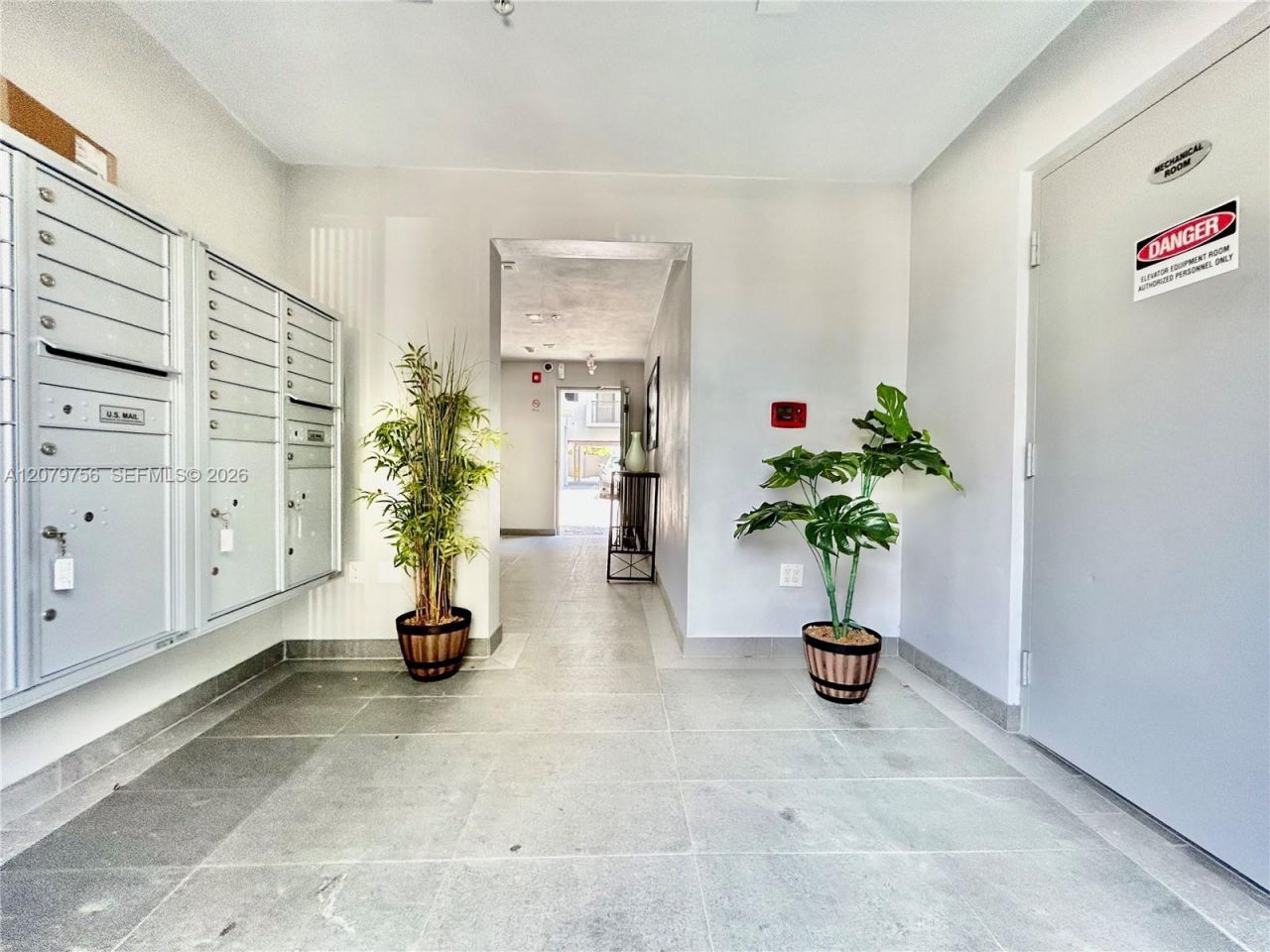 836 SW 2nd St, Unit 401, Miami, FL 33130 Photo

--

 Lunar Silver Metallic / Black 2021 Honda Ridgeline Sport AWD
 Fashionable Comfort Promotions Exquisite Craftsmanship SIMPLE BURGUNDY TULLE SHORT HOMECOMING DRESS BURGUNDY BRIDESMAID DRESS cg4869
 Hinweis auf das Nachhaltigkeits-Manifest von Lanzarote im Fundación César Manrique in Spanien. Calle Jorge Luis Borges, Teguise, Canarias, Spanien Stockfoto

**Activity**
Return the span of lines in the data above that opens at the line with "Fashionable Comfort Promotions" and closes at the line with "Hinweis auf das", exactly, ends included, nothing else.

**Response below**
 Fashionable Comfort Promotions Exquisite Craftsmanship SIMPLE BURGUNDY TULLE SHORT HOMECOMING DRESS BURGUNDY BRIDESMAID DRESS cg4869
 Hinweis auf das Nachhaltigkeits-Manifest von Lanzarote im Fundación César Manrique in Spanien. Calle Jorge Luis Borges, Teguise, Canarias, Spanien Stockfoto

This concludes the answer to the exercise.